GEOMETRIC and ELECTRONIC PROPERTIES of OLIGOMERS BASED ON LUORINATED THIOPHENES and 1H-PHOSPHOLES: N- VERSUS P-TYPE MATERIALS

Abstract

A series of oligothiophenes and novel oligophospholes, consisting of fluorinated and perfluoroarene-substituted structures, were investigated by using density functional theory (DFT) method. The study focused on the geometrical structures and electronic properties. The degree of p-conjugation in the neutral oligomers was studied by different approaches including analysis of predicted Raman spectra. The character of the charge carrier of the new substituted oligomers, either electron (n-type doping) or hole (p-type doping) transport, was predicted by comparing their properties, including the HOMO and LUMO energies, excitation energies, and reorganization energies, with those of their non-substituted parent oligomers. The DFT results are consistent with the available experimental data on the oligothiophenes for both geometries and conductivity properties.
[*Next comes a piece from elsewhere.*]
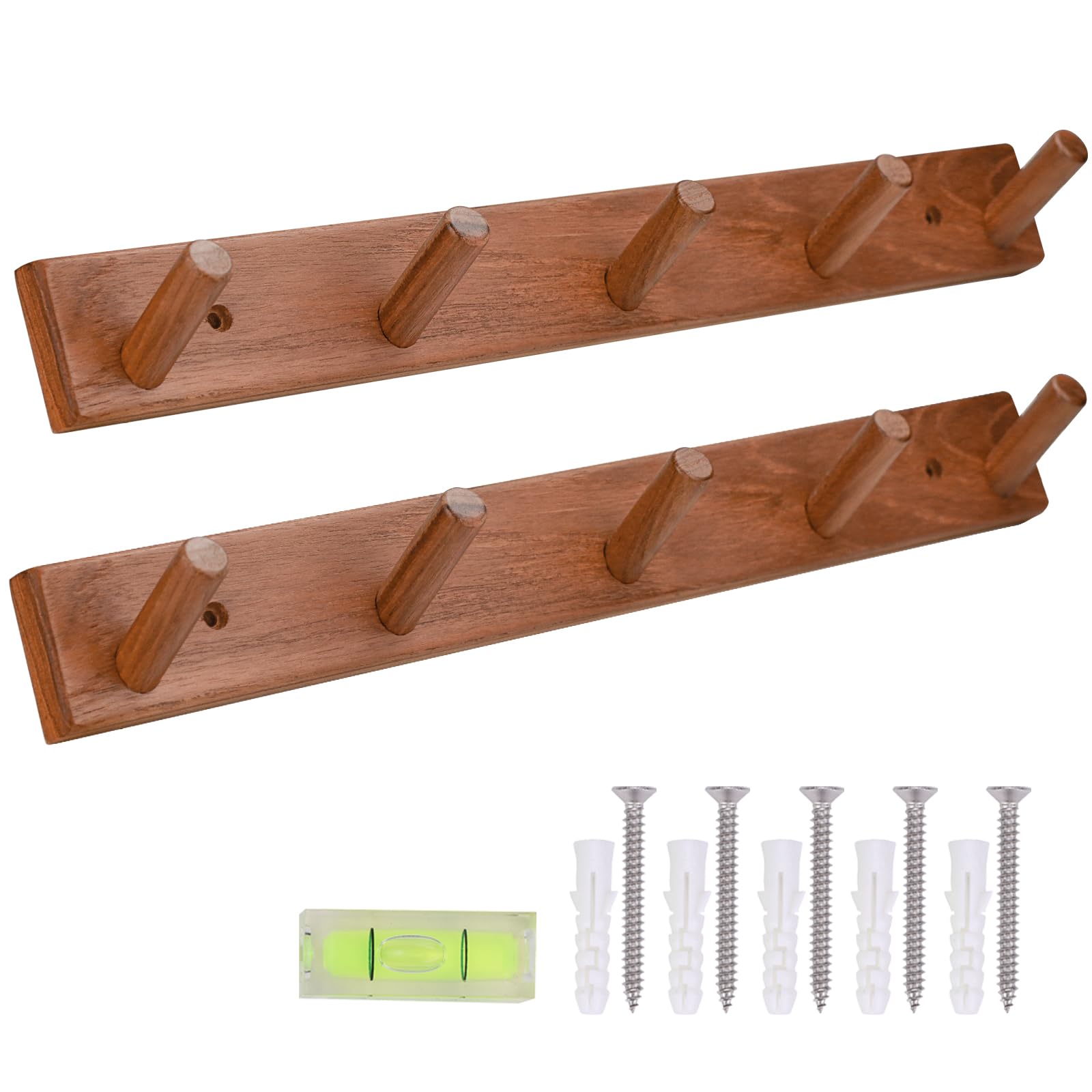 Cobnap teak wall-mounted coat rack set of two with five sturdy hooks for jackets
The results strongly suggest that an effective way of designing new materials with n-type conductivity is to introduce electron-withdrawing groups into the oligomer backbone. Interesting results were also obtained for oligomers based on 1H-phospholes, which are predicted to have interesting properties as new semiconductor materials..

DFT, HOMO, LUMO, oligothiophenes, oligophospholes